Face à un système politique et économique qui ne semble pas prendre la mesure de l’urgence, le passage à des modes d’action plus radicaux est considéré par certains comme l'ultime moyen de faire pression, quitte à créer des dissensions au sein même du mouvement écologiste. 

La voie des ONG  

Néanmoins, face à ces enjeux, de multiples ONG interviennent et, comme le souligne Nicolas Mottis, professeur à l’Ecole polytechnique (IP Paris), « Ce sont des organisations qui ont souvent des convictions stables et un horizon de réflexion à très long terme, ce qui n’est pas toujours le cas des entreprises. Elles se font parfois entendre par le biais d’actions spectaculaires très médiatiques. Intervenir dans les assemblées générales des entreprises, de façon conventionnelle ou pas, est devenu un levier essentiel. Un second levier, moins connu, est celui du dialogue qu’elles s’efforcent d’engager sur le fond avec les dirigeants d’entreprises – sans toujours y parvenir. Elles essaient alors de déplacer ces espaces de dialogue depuis les fonctions en marge de l’entreprise, comme la responsabilité sociétale des entreprises (RSE) ou la communication, vers les directions générales, financières ou stratégiques. Si certaines entreprises l’acceptent, pour d’autres, ce dialogue reste cantonné aux fonctions périphériques, ce qui me paraît une erreur stratégique. Les ONG dialoguent également beaucoup avec les régulateurs et les Etats, ce qui finit par promouvoir nombre d’enjeux majeurs.»

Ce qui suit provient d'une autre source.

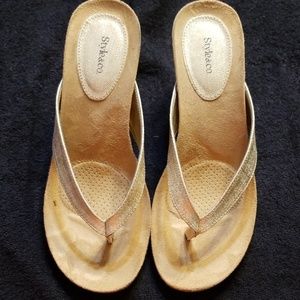 Style & Co thong wedge sandals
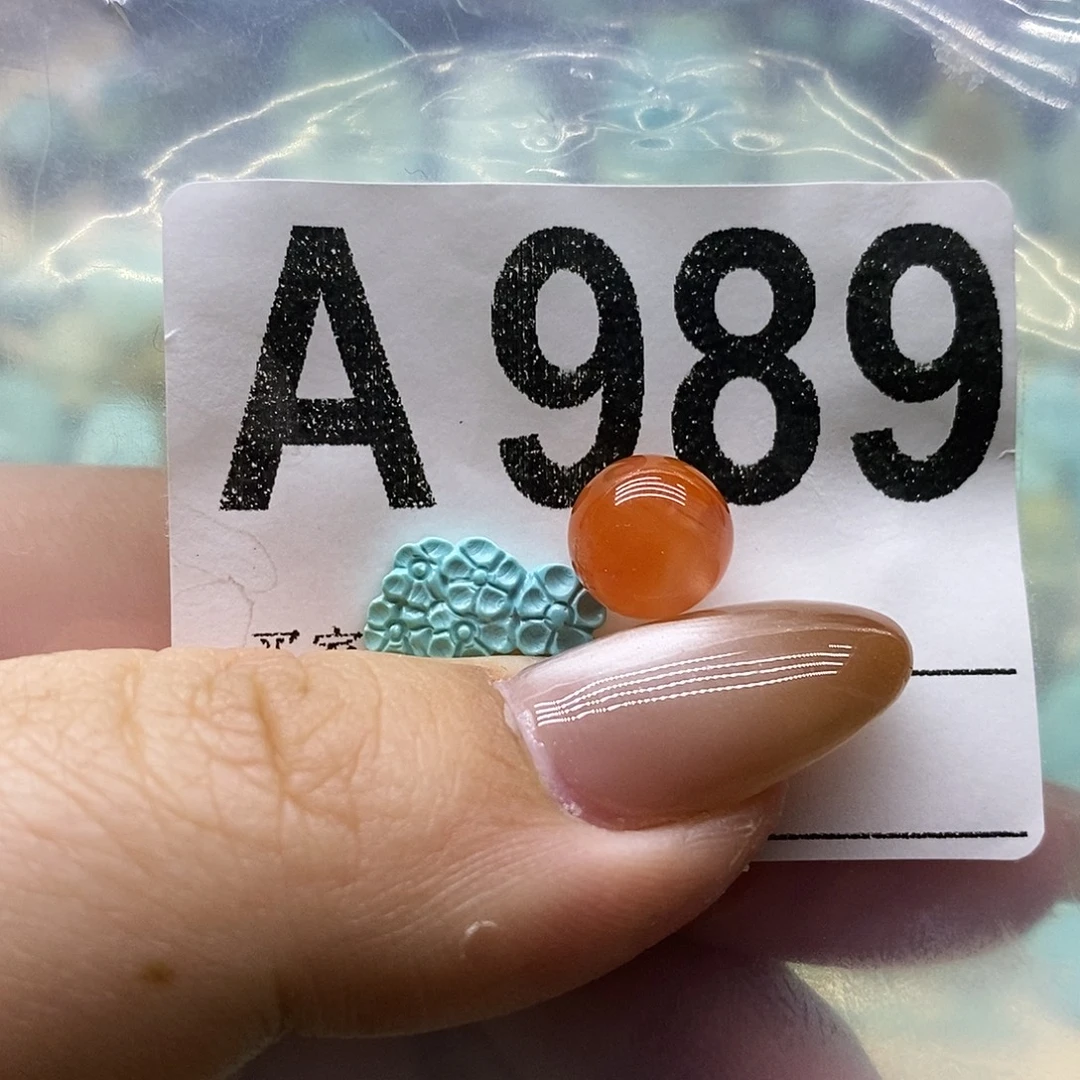 南红玛瑙未镶嵌珠宝奇石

Consommateurs, citoyens, associations, la société civile est désireuse de prendre sa part à l’action climatique. Reste à trouver une gouvernance efficace, adaptée à chaque culture et à chaque contexte.

Cet article fait partie d'une série publié autour de la deuxième édition du colloque REFLEXIONS organisé par l'Institut Polytechnique de Paris le 9 juin  2023. 

Découvrez les autres articles de la série : 

- Le changement climatique : de la prise de conscience à la gouvernance

- La finance verte, moteur de la transition  ?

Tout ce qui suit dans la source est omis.